Strategic Concepts & Mechanics
Primary Evidence
"A waiting game now opened. It demanded a sense of timing as well as tactical subtlety. The rival Sassoon firms would continue to watch each other, both vigilant for any sign that Tata would either crash or survive. Judging from the first two or three years at the Empress Mills, Sir Albert was being proved right. The stocky Parsee had made the beginner's error of buying inferior looms. His cloth was poor in quality, with production figures even lower than those of his Bombay competitors. His Company stock slumped to half its issue value, and several shareholders started to panic. He hurried back to Lancashire and sank most of his remaining cash in better and more up-to-date plant, scrapping the old machinery. Within a very short time, his bales became saleable and output shot up. He could soon pay stockholders a 16 per cent dividend, but continued to plough every spare rupee back into the business. E. D. Sassoon & Co. had now learned enough. They quickly bought land for factory sites and began looking around for any badly-run mills which might be taken over at cost or even below and put on a paying basis. Their branches had long handled Lancashire piece-goods and would find it comparatively simple to distribute cloth manufactured in Bombay. Tata lacked capital and was buried in the interior, while they had superior shipping facilities as well as warehouses ideally sited on Bombay's splendid harbour and docks. Moreover, immigrant Jews from Baghdad would make a reliable home-based labour force, far less prone to absenteeism than the migrants of Nagpur."

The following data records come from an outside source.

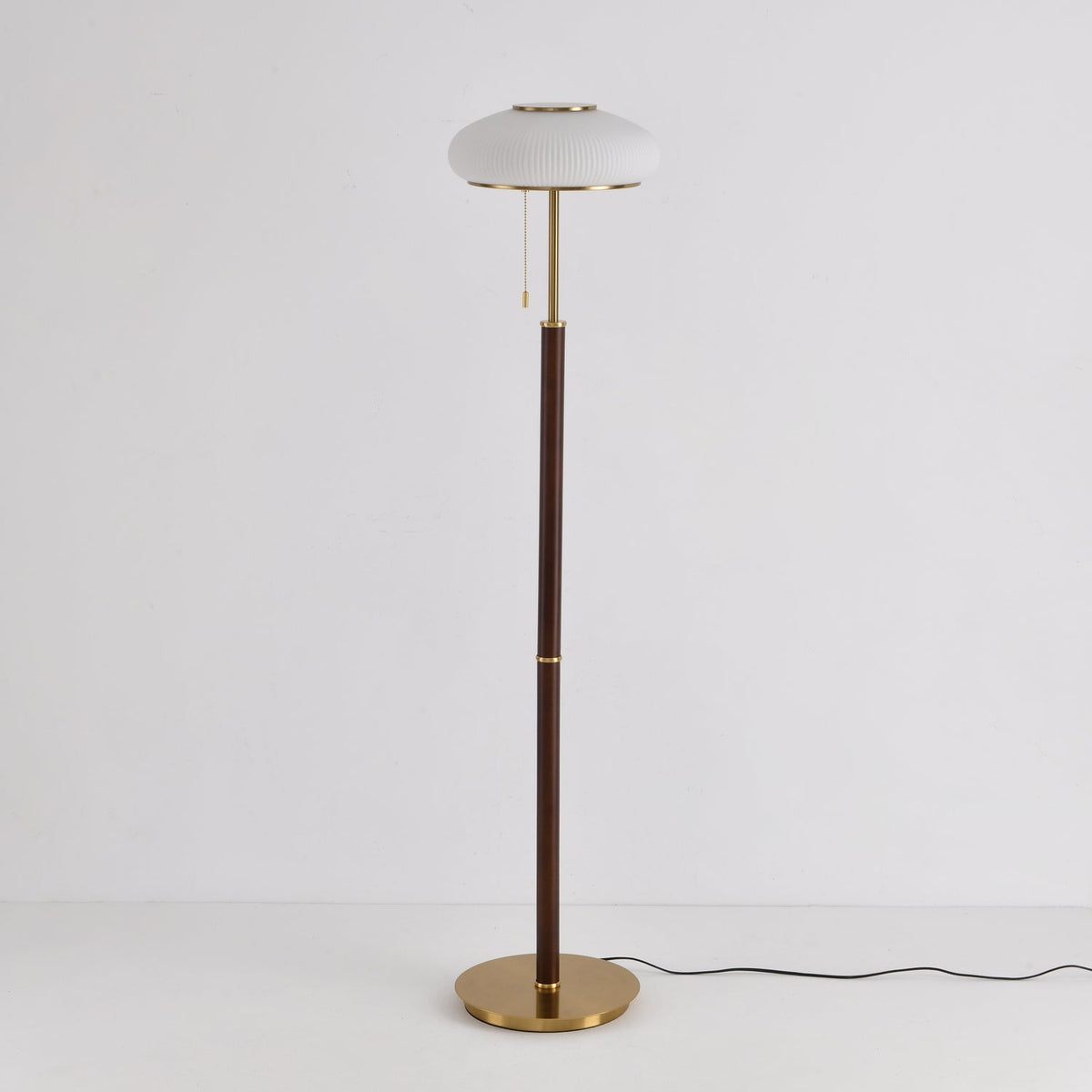 Lumen Vintage Glass Floor Lamp-Neutral Decor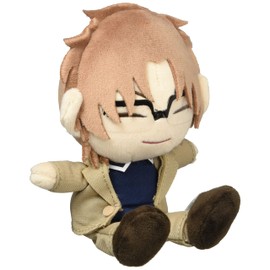 SAN-EI Detective Conan Fluffy Friends Toro Okiya (S) Plush Toy, W 3.1 x D 2.8 x H 6.3 inches (8 x 7 x 16 cm)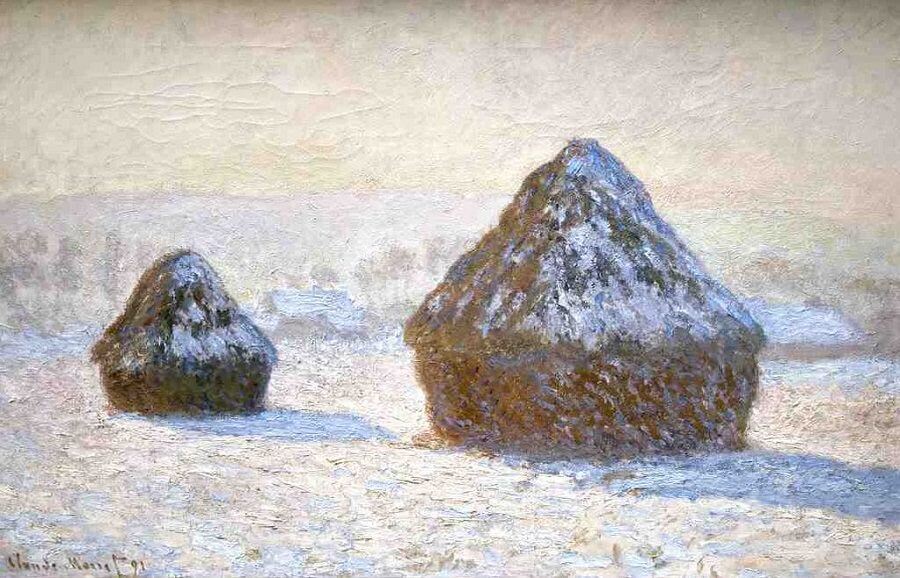 Monet's haystacks.
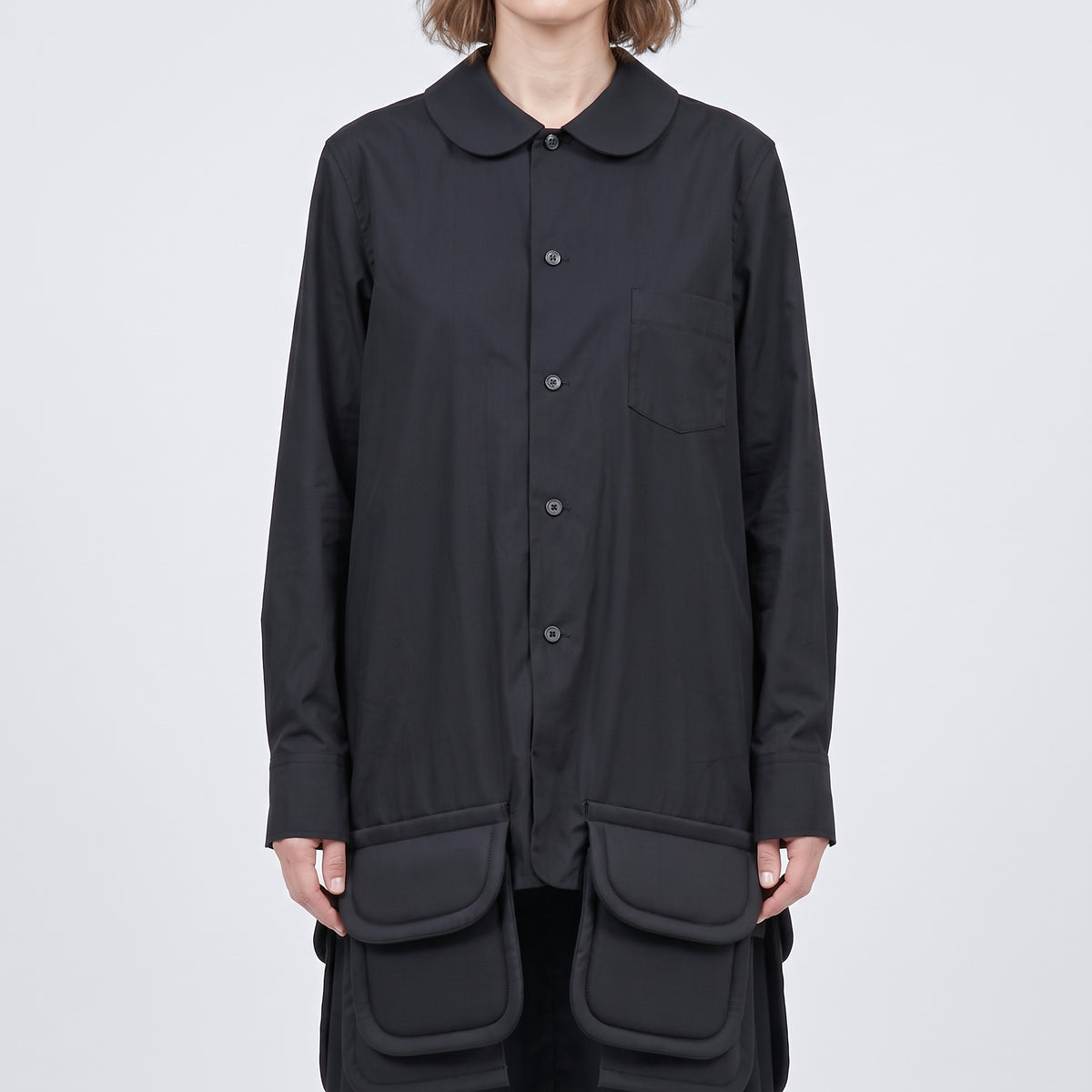 Peter Pan Collar Long Shirt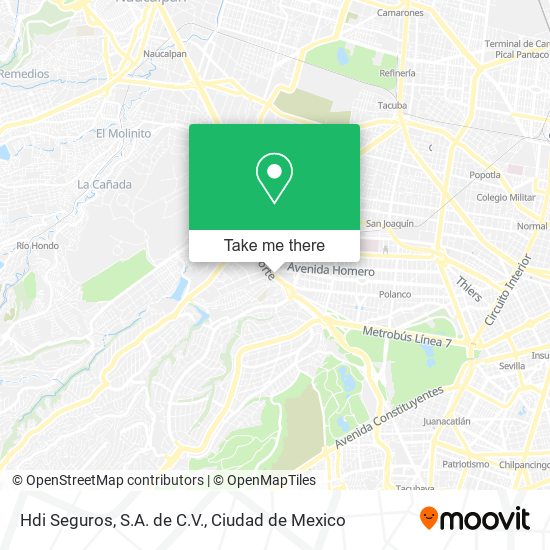 Hdi Seguros, S.A. de C.V. map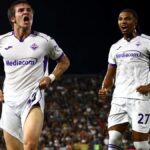 Franco Mastantuono marcó tres goles para Fiorentina ante Venezia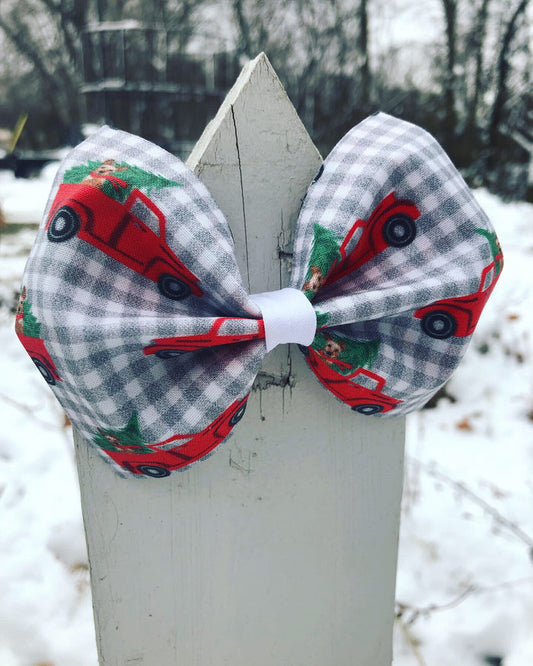Red Heeler In Truck Gingham Small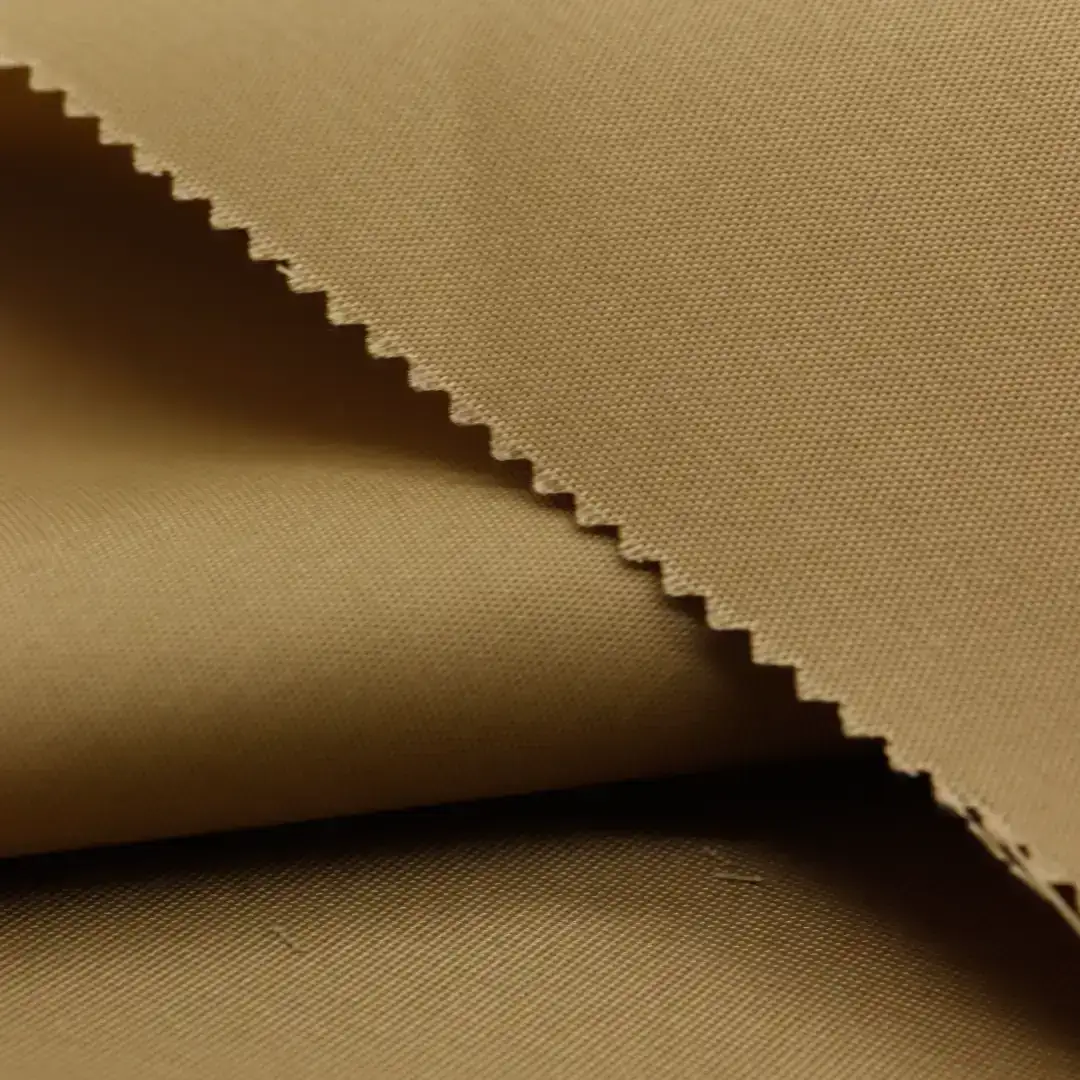 China Fabric for Shirt,Jackets,Blouse,Skirt,Shirt Long Sleeve Button  Cotton Twill Natural Woven Fabric Nylon brown color buy from China wholesaler bulk order at wholesale price free worldwide shipping Alibaba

"Albert was now approaching his sixtieth year. A rich but rather lonely man, he missed the society ofReuben and Arthur and secretly grieved over the defection of the brother with whom he had shared his boyhood. E. D. Sassoon & Co. had started to compete significantly in opium and Indian yarn. According to reports from Shanghai, they were also investing heavily in real estate. In Fenchurch Street, London, they had quickly opened an office, first managed by Jacob and then by his younger brothers who each served his time in China in the traditional fashion."
"Authority was now heavily weighted at the English end, an ideal platform for launching a brilliant social programme but remote from the firm's traditional strongholds in India and China. In taking this step, the three brothers became in effect absentee landlords. By contrast, E. D. Sassoon & Co. entrenched itself still deeper in Bombay. It was the natural supply base of a house looking towards Europe for its imports but eager to service the hungry consumer markets, both at home and in the Far East."